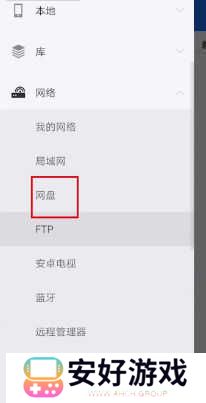 ES文件浏览器最新版
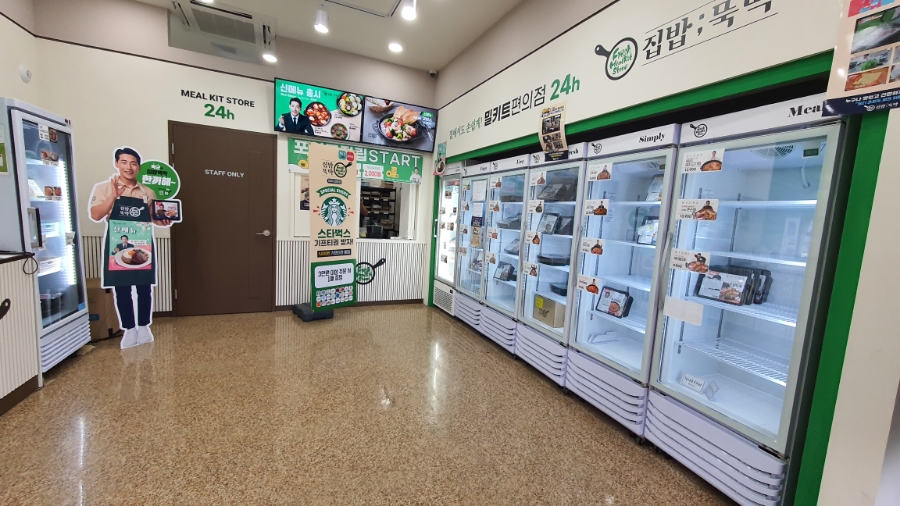 삼화편의점 이미지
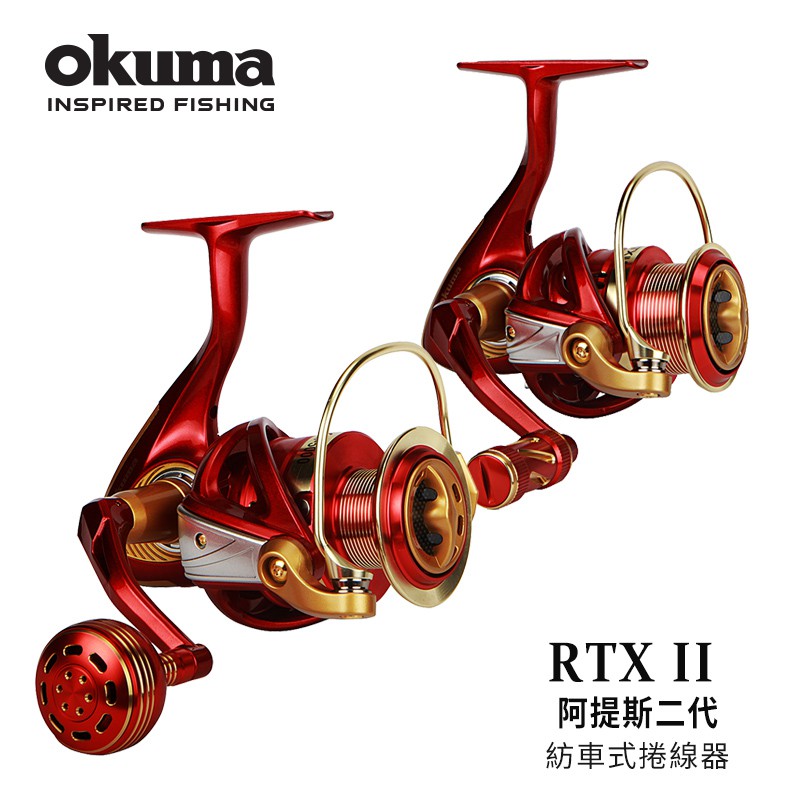【鄭哥釣具】OKUMA  Epixor RTX-II 阿提斯 2代 捲線器 紡車捲線器 紡車捲 路亞 岸拋 船釣 海釣場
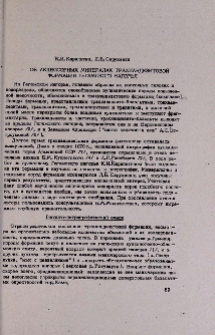 Об акцессорных минералах трахиандезитовой формации Гегамского нагорья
────────────────
*TASK DETAILS*: When you write out the material, keep every line exact and leave out each picture.

*ANSWER SPACE*:
 ES文件浏览器最新版
 삼화편의점 이미지
【鄭哥釣具】OKUMA  Epixor RTX-II 阿提斯 2代 捲線器 紡車捲線器 紡車捲 路亞 岸拋 船釣 海釣場
 Об акцессорных минералах трахиандезитовой формации Гегамского нагорья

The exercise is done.